Retourneurs d’andains : intéressants mais encore à étudier

Selon les tests d’Arvalis Institut du végétal, les retourneurs d’andains à tapis type Dion ou à rotors hydrauliques (type CCM ou Borello) sont moins agressifs pour le fourrage mais accentuent la durée de séchage, le fourrage restant intégrale- ment en andain de la fauche au pressage. Chaque passage doit se faire dès que le dessus de l’andain est sec.

Le retourneur d’andains CCM testé en 2012 (16-17 000 € pour un RA3290 9 m de large), dont le principe consiste à déplacer l’andain sur un sol sec à l’aide de trois rotors juxtaposées entraînés de manière hydraulique, peut travailler à une vitesse de 8 à 10 km/h soit un débit de chantier de 4 à 6 ha/h. Des modèles à quatre rotors (soit 15 m de largeur de travail) ainsi qu’une adaptation pour le regroupement d’andains sont par ailleurs en développement.

Le retourneur Dion (8-9 000 €) peut s’utiliser aussi bien pour le retournement que pour le regroupement d’andains. Avec un pickup de 1,5 m de large, en mode retournement, sa largeur de travail correspond à la largeur de fauche. Le débit de chantier est donc plus faible, de 1,5 ha/h (retournement) à 2,5 ha/h (regroupement des andains).
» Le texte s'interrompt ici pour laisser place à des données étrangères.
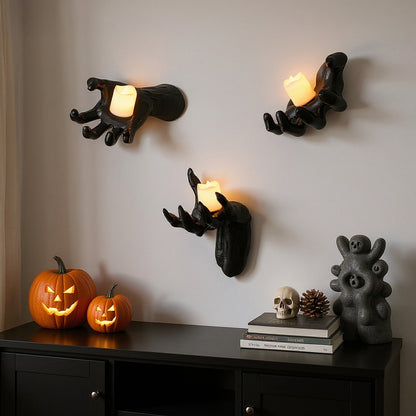 3 Pack Wall-Mounted Creepy Reaching Hands with LED Candles Halloween Decors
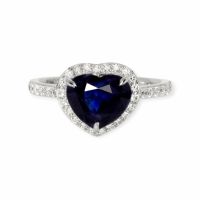 Saphir-Ring 14k Weissgold 3,04ct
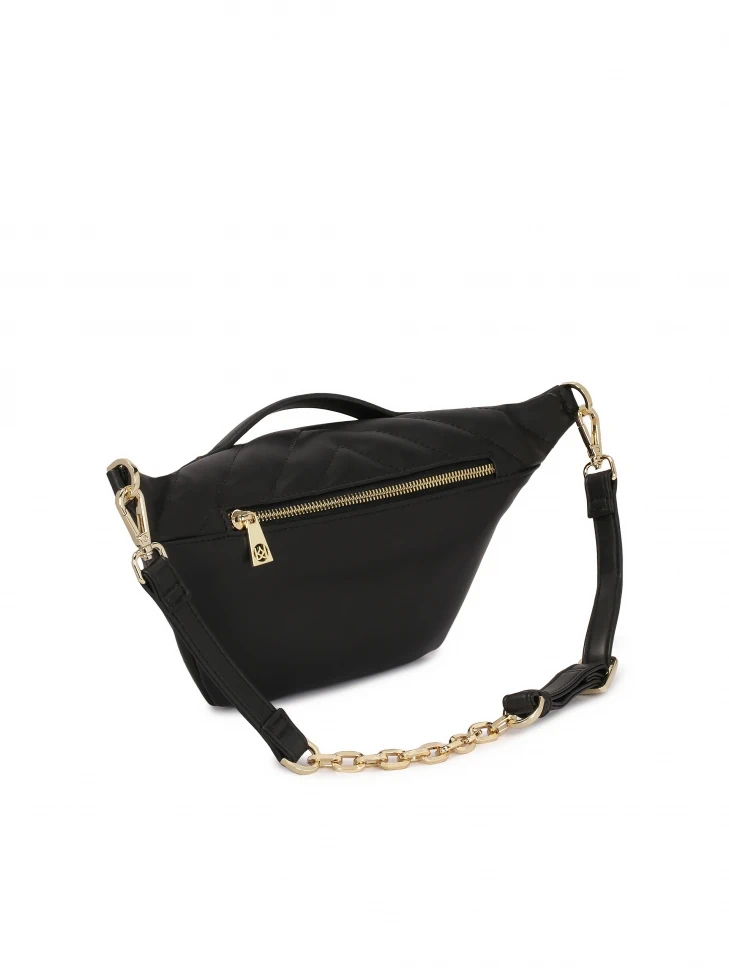 Kazar Black Leather Kidney With Twill Stitching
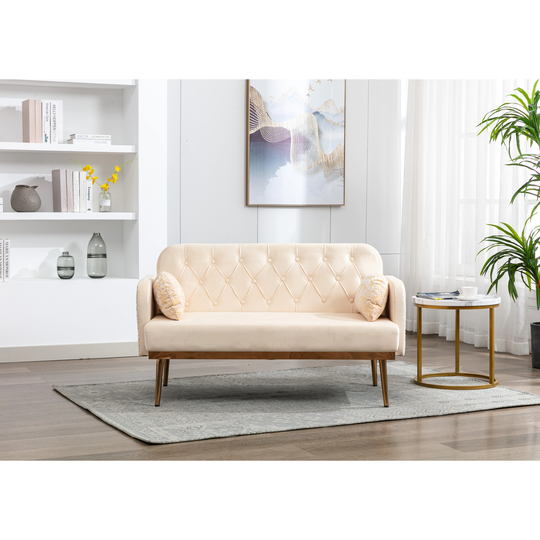Velvet sofa with metal feet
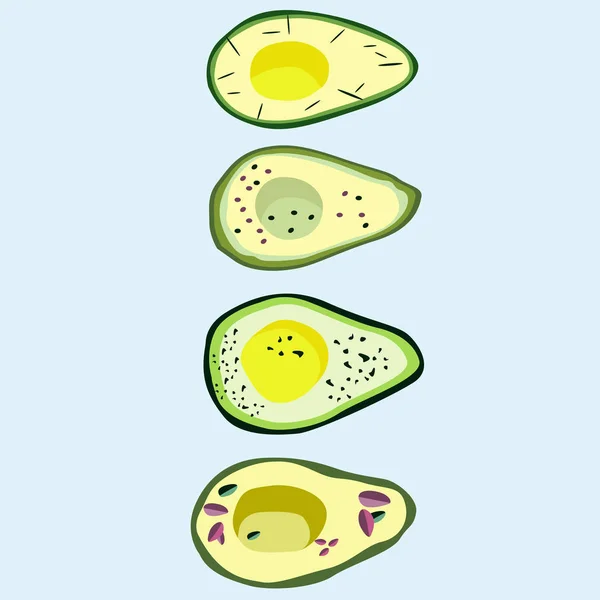 Illustrazione con avocado — Vettoriale Stock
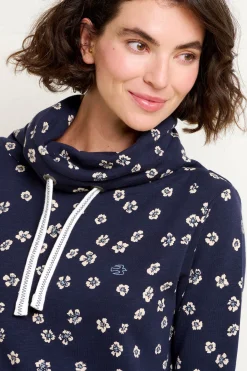 Brakeburn Polka Flora Cowl Neck Sweatshirt Navy Sale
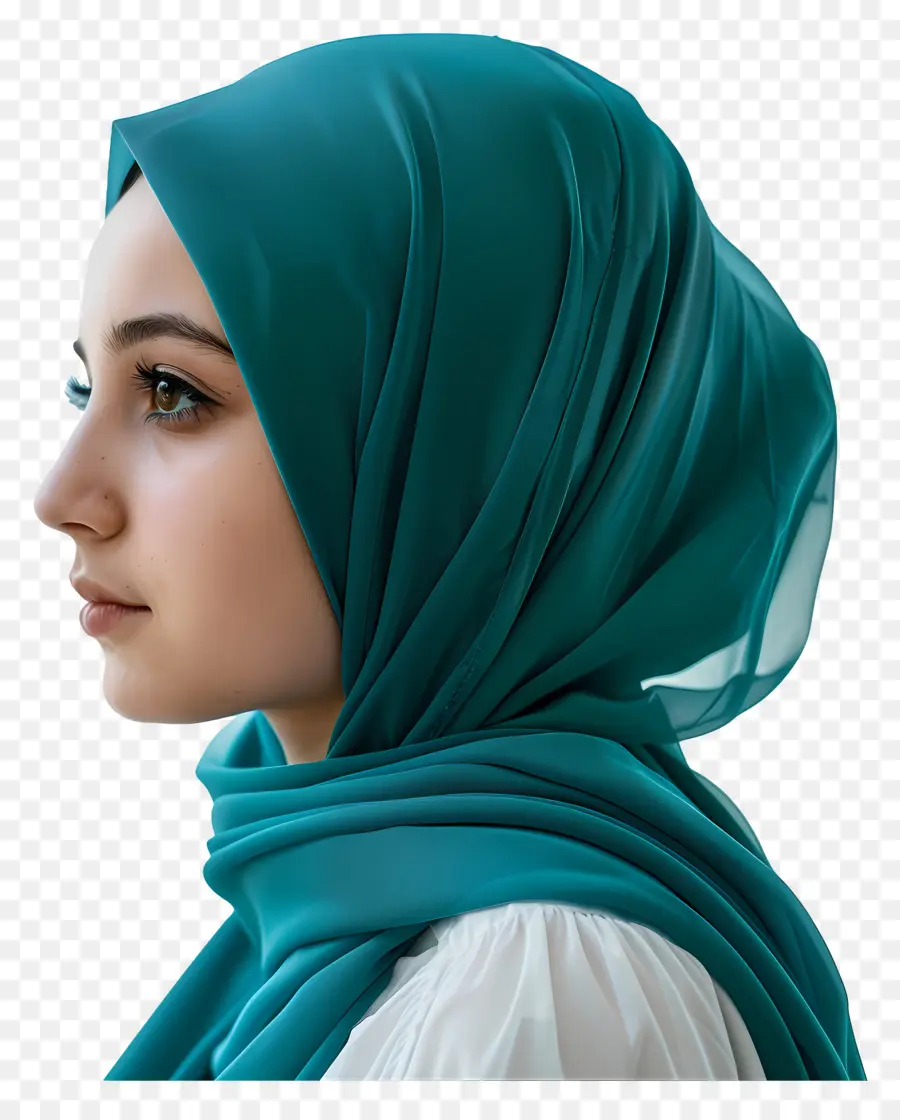 la cultura islamica - Donna in hijab blu, sfondo nero, guardando in basso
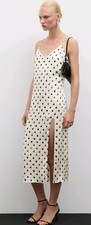 BNWT MANGO OFF WHITE CREAM POLKA DOT MIDI SLIP DRESS SIDE SPLIT SIZE 8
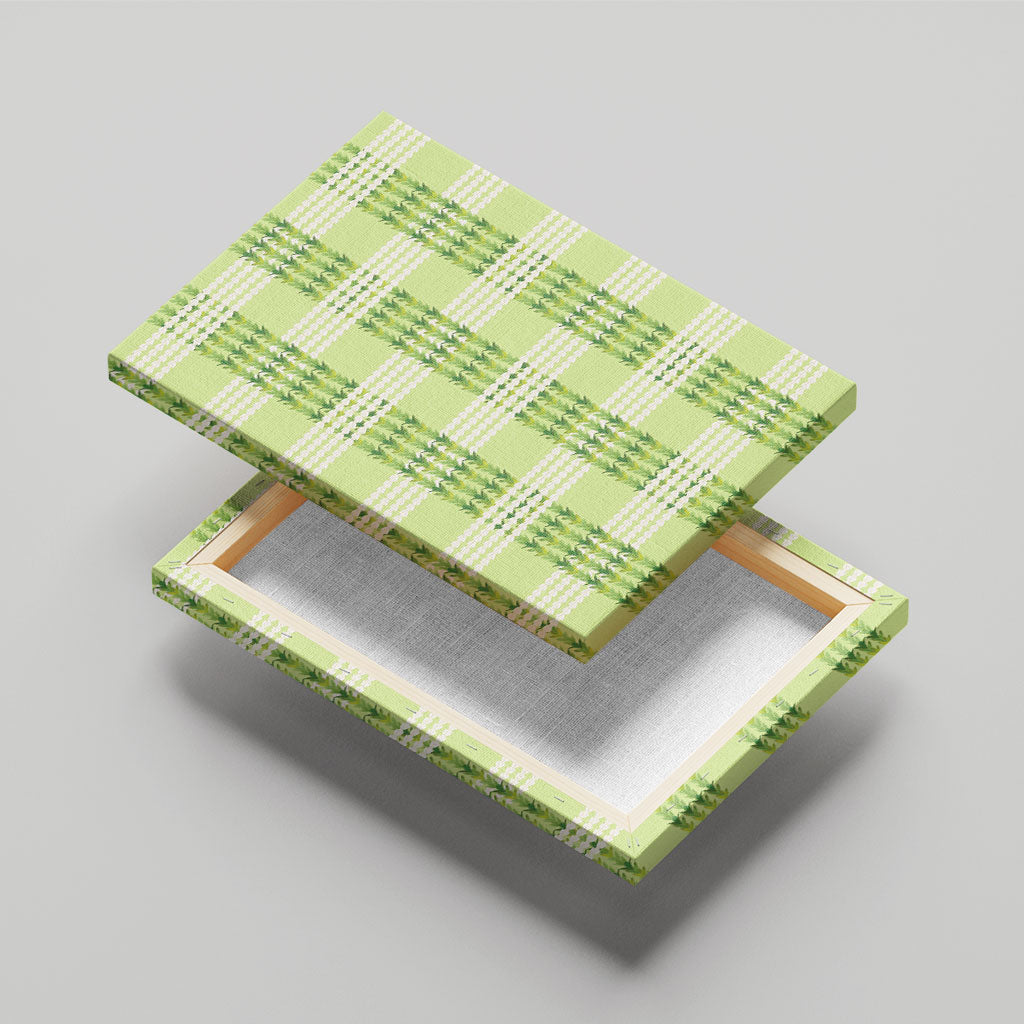 Aloha Hawaii Pakalana Pikake Lei Canvas Wall Art Palaka Inspired Hawaiian-plaid Pastel Green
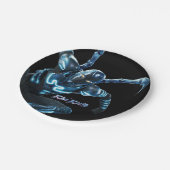 Blauwe kever springende karakter kunst papieren bordje (Gekanteld)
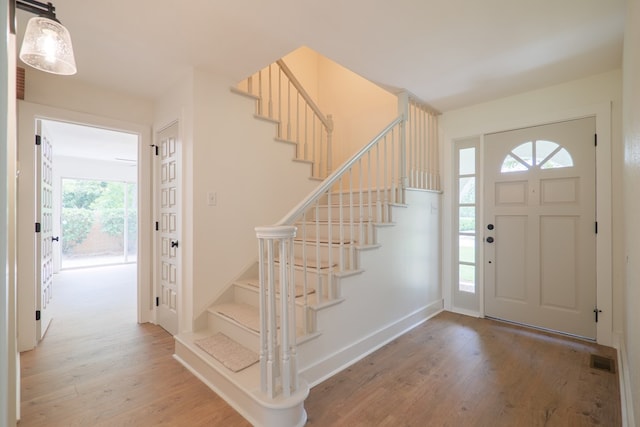 entrance foyer with wood-type flooring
« Les retourneurs à rotors à entraînement hydraulique offrent beaucoup plus de perspectives et seront à nouveau suivis en 2013, indique Gilles Crocq, d’Arvalis Institut du végétal. Le retourneur à tapis Dion a un débit de chantier plus limité mais reste intéressant en mode retournement quand la situation en fin de séchage est difficile. »

Pressage : balles rondes, chambre variable et liage filet

Presser le matin de préférence, dès que la rosée s’est retirée, ou tard le soir. Les pertes sont plus faibles en récoltant de gros andains avec les presses à balle ronde à chambre variable. Le temps de rotation dans la chambre est alors limité. Le liage filet est également indispensable si l’on ne veut pas gâcher toutes les précautions mises en œuvre en amont pour récolter du fourrage de haute qualité.